More controversially, dependence on oil imports from unstable regimes and volatile regions, particularly Saudi Arabia and other Persian Gulf states, forces foreign-policy compromises on U.S. policymakers that can also adversely affect national security. For instance, the United States maintains a close alliance based on oil with the autocratic and despotic Saudi despite its nebulous sponsorship of and complicated relationship with radically anti-American Islamic forces.

Oil Shocks

Oil has had been a key factor in many of the wars and crises of the 20th century, motivating countries to go to war and determining outcomes. In 1990, for example, Iraqi dictator Saddam Hussein invaded neighboring Kuwait in large part because of a desire to gain access to the country's oil fields. In response, the United States went to war as part of a United Nations (UN) coalition to push back Iraq and restore the oil status quo.

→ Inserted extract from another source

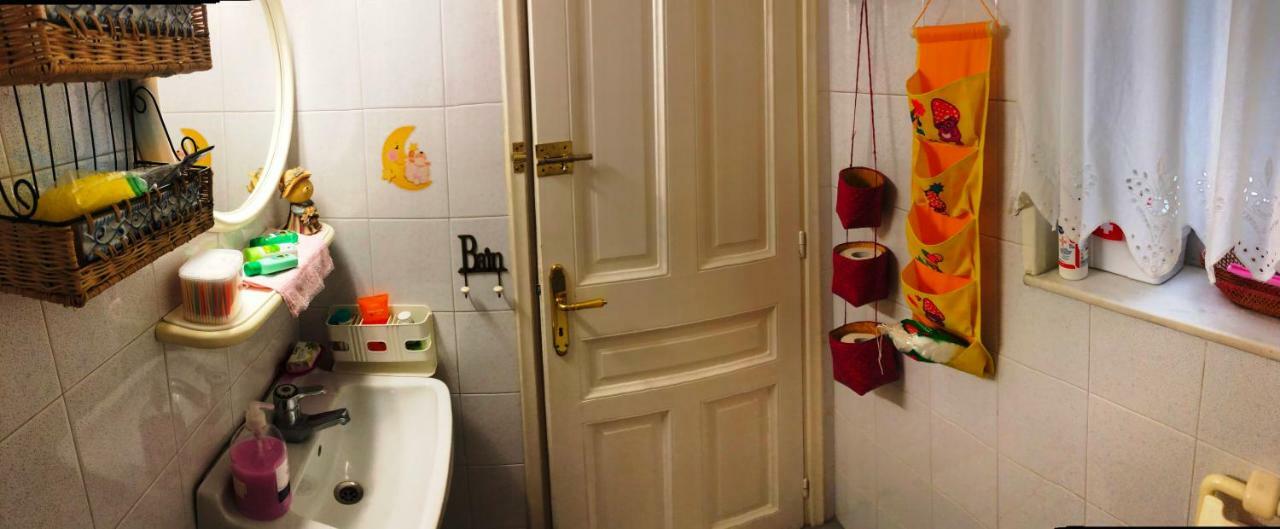 Stately Apartment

Fears of oil shortage as an issue of U.S. national security stem primarily from the oil shocks of the 1970s. In October 1973, the Arab oil-producing states belonging to the Organization of Petroleum Exporting Countries (OPEC), an international organization that seeks to regulate the price of oil, successfully imposed production restraints and an embargo on the United States and hiked oil prices by 70%. These actions were taken partly in retaliation for U.S. aid to Israel during a joint Egyptian and Syrian offensive known as the Yom Kippur War. It was also a chance for the OPEC cartel to gain leverage over U.S. and international oil companies that were taking a large slice of the profits from the oil-producing countries. (OPEC's first failed attempt at embargo, in 1967, followed Israel's speedy victory in the Six-Day War.)

The effects of the OPEC embargo and price hikes were immediate. By 1973, the United States was importing up to 35% of its oil, as a result of the decline of its own oil production coupled with ever-increasing demand. The oil shortage meant that the United States was effectively held hostage by the Arab nations. Accustomed to an uninterrupted flow of cheap oil, U.S. citizens were suddenly forced to ration everything, from thermostat use to gas consumption, and gasoline lines snaked their way around city blocks. At the height of the crisis, the price of gasoline had risen from 30 cents a gallon to about $1.20. The United States and the entire Western world reeled from a severe recession.

A second energy crisis struck in 1979 in the immediate aftermath of the Iranian revolution. The disruption of Iranian oil exports led to oil shortages, which allowed OPEC to drive up prices once again. Oil lines appeared in the United States as they had six years earlier.